But you know what? It will not matter whether Sinatra’s video wake is hosted by the tweedy Jim Lehrer or the perky Katie Couric. Because each and every remembrance will be accompanied by the same damn song: the most obvious, unsubtle, disconcertingly dictatorial chestnut in the old man’s vast and dazzling backlog, “My Way.” When the guy who generously gave us greats like “I Get a Kick Out of You” kicks it, we won’t put on our Basie boots or get a load of those cuckoo things he’s been sayin’. We’ll be bored terif-ickly, screaming at the set every time he and that sappy string section face the Final Curtain. Get it? He’s dead and on tape from the grave talking about how the End Is Near. Spooky.

The only way “My Way” has ever worked is if the person singing it is dumber than the song. Which is why the only successful rendition of it was perpetrated by Sid Vicious. Frank  and Elvis for that matter  was always too complicated, too full of rhythmic freedom to settle into the song’s simplistic selfishness. Not that I ever expected Frank and Dino and Sammy to belt out “With A Little Help From My Friends” and mean it. It’s just that “My Way” pretends to speak up for self-possession and personal vision when, at base, it only calls forth the temper tantrums of 2-year-olds or perhaps the last words spoken to Eva Braun. Who wants to be remembered for blind rigidity anyway? Can’t you imagine Oliver North defacing the Constitution
with graffiti like “I faced it all/And I stood tall”? Even worse, Sinatra first recorded “My Way” in 1968, the last great year the Western world took a big loud stab at singing along with a largely forgotten tune called “Our Way.”
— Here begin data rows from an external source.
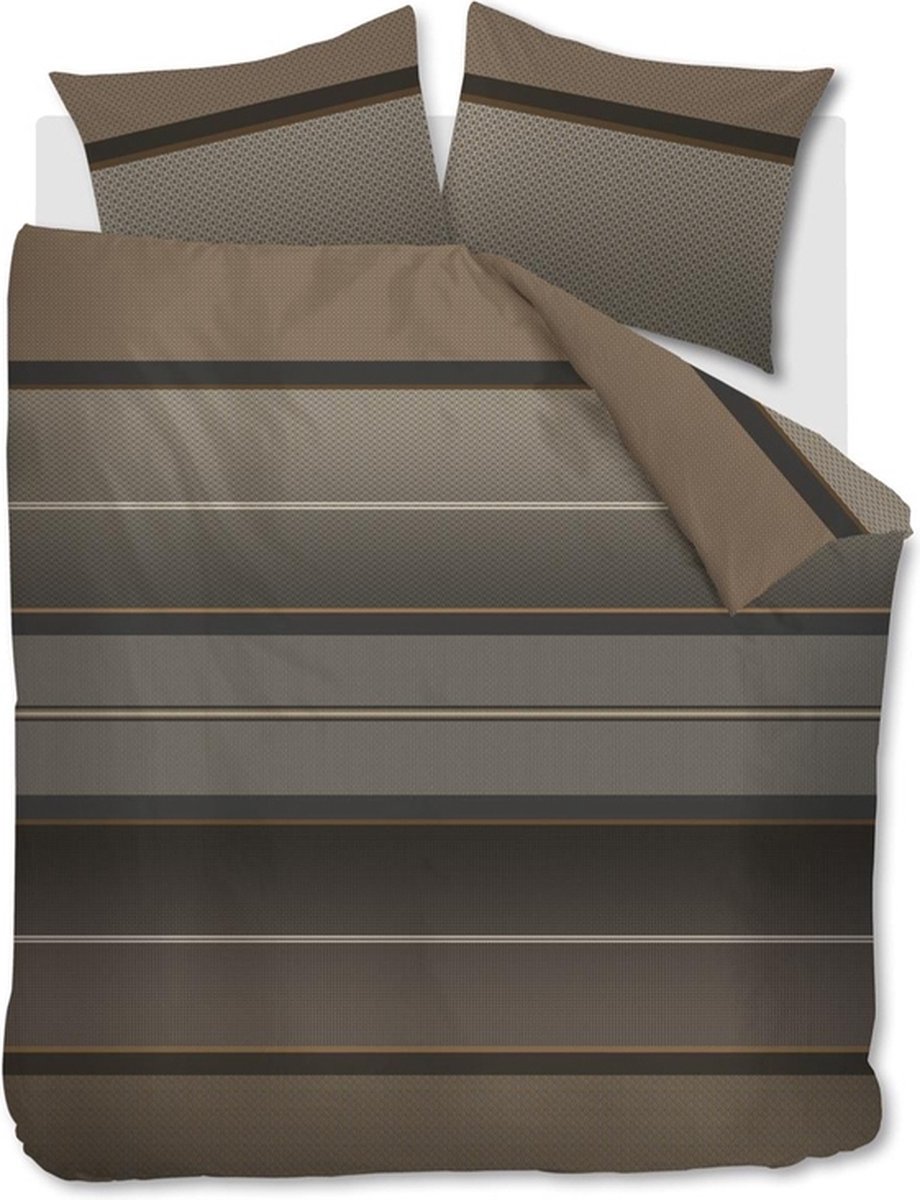 Kardol Runway dekbedovertrek - Tweepersoons - 200x200/220 - Grijs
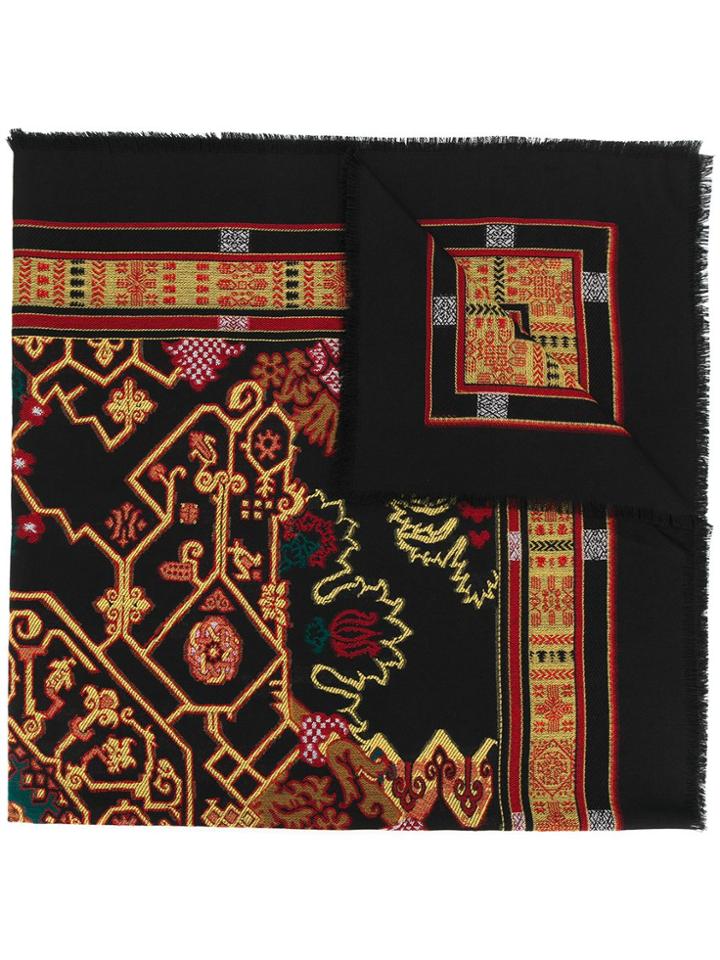 Etro Antique Carpet-jacquard Scarf - Black
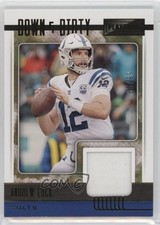 2021 Panini Playbook Down and Dirty Relics Gold 85/99 Andrew Luck #DND-ALU 1aj4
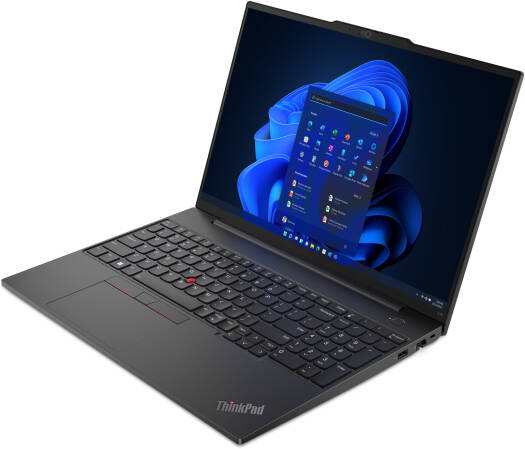 Lenovo ThinkPad E16 Gen 1 Laptop, 16" WUXGA IPS Display, Intel Core i5-1335U, 8GB RAM, 512GB SSD, Intel Iris Xe Graphics, English Keyboard, No OS, Graphite Black | 21JNS08900 thumbnail 3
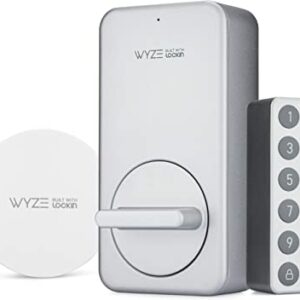 Wyze Lock WiFi & Bluetooth Enabled Smart Door Lock, Wireless & Keyless Door Entry, Compatible with Amazon Alexa, Fits on Most Deadbolts, Includes Wyze Gateway and Wyze Keypad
There are rumors from Belgrade that each night, when the government-controlled evening news airs, the townspeople blow whistles or bang on pots and pans so they won’t hear the state’s lies. Keep that beautiful action in mind when Sinatra’s dead and all the TVs in your more boring, democratic world are playing “My Way.” Drown it out. Play something
else to the montage in your own heart. Maybe “Angel Eyes” for its subtle reference to the singer’s Mediterranean windows to the soul, for its knowing, jaunty adieu (“‘Scuse me while I disappear”) followed by a nice Christian harp outro hinting at unlikely salvation. Perhaps “The Song Is You” for its simple, brassy pledge that “the words are true.”

I’m tempted to think I’ll be cranking up my favorite, “Come Dance With Me,” but it’s too disrespectfully cheerful to work as a dirge and kind of creepy if taken literally. Who except Tom Petty wants to fox trot with a corpse?
I’ve decided instead to blare the Capitol recording of Cole Porter’s “What is This Thing Called Love.” It’s the driving question behind the entire Sinatra research project. And it’s a lovely pop song, suitably melancholy
for mourning, reflective and wise.

The orchestra starts off low. Enter a clarinet that’s somehow lewd and
ponderous at the same time. Frank scrawls the topic sentence, then repeats it, adding one word: “This funny thing called love?” It begins as a rhetorical question, and by the end turns into a cosmic inquiry of God. He says he queried “the Lord in heaven above/Just what is this thing called love” and then he cuts out, as if he’s off to face the creator in person.Strangely, after he’s gone, the orchestra resolves to a sweet final chord,
as if they have the answer, but Frank Sinatra’s no longer around to hear it.